CMS optimization automation
One script logs into all eleven hotel sites and fixes the same mistake everywhere at once.
Eleven property sites, all on the same CMS (ProcessWire), all built by an outside agency, all carrying the same recurring errors. A typo in a shared template. Wrong-state boilerplate pasted into a description. An amenity a property no longer has, like a pool advertised years after it was gone. Fixing that by hand, one site at a time, is exactly the kind of work that never actually gets done.
How it works
A Python tool drives a persistent Chrome profile logged into all eleven CMS installs, scheduled on the always-on mini. The fixes are declarative, just a list of edits, and the applier is dry-run by default.
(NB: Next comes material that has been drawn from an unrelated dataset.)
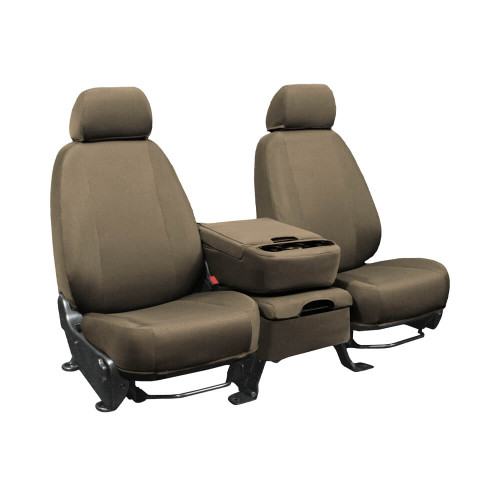 Super Mesh Seat Covers shown on seats with center console, breathable mesh fabric for cool comfort and a custom-fit look.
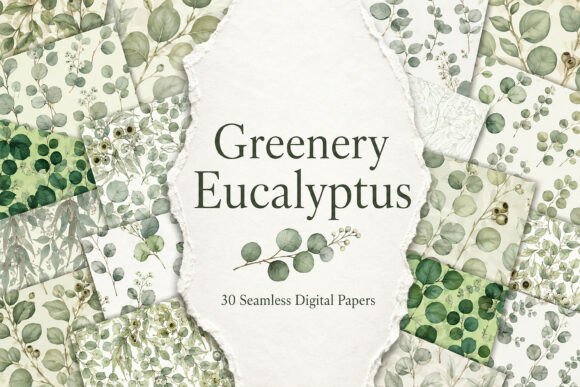 Greenery Eucalyptus Digital Paper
It only writes with an explicit apply flag, then verifies on the live page. The working model is one fix swept across all eleven at once, so I review a single batch and it lands everywhere together.
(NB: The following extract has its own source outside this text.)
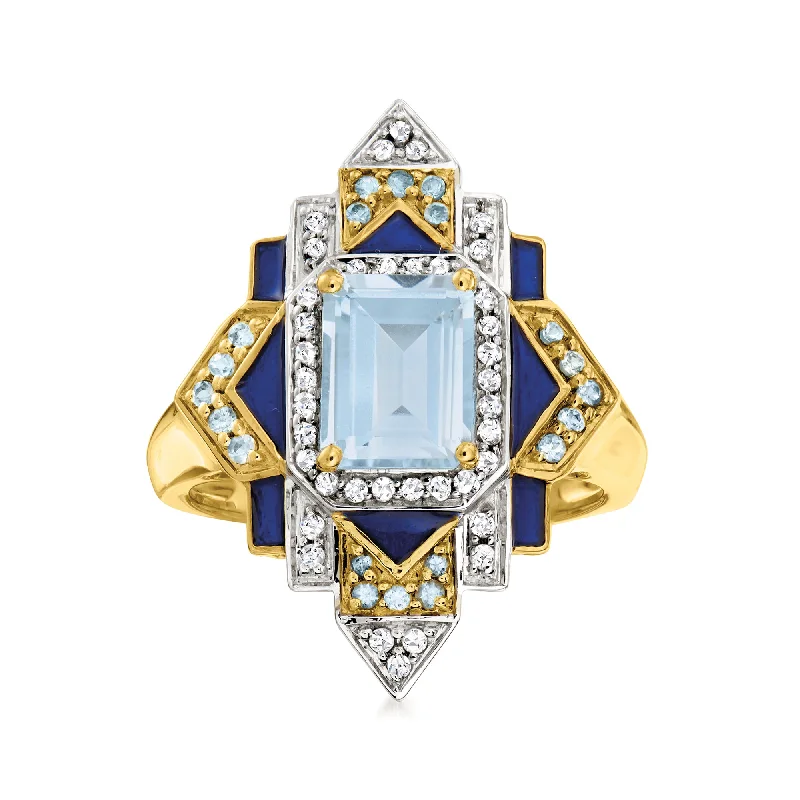 Ross-Simons London Blue, Sky Blue and White Topaz Ring With Blue Enamel in 18kt Gold Over Sterling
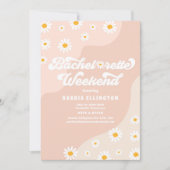 Retro 70er Bachelorette Wochenende Reiseprogramm Einladung (Vorderseite)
- A typo sweep across the shared template, portfolio-wide in one pass
- A "Book Direct & Save" banner added to every site that lacked one
- A false-amenity scrub that stripped features a property no longer has
- Session handling that logs in fresh in one process each run, because the CMS holds its session cookies in memory
It is live and running. Because the edits are declarative, each new content policy is a few lines instead of eleven manual sessions, and the dry-run plus live-page verify means I trust it before anything publishes.
This is a marketing coordinator's month of busywork turned into a scheduled job. The exceptions (a typo, a stale amenity, a missing book-direct nudge) get caught and fixed once, everywhere. I set the policy, the agent enforces it across the whole portfolio.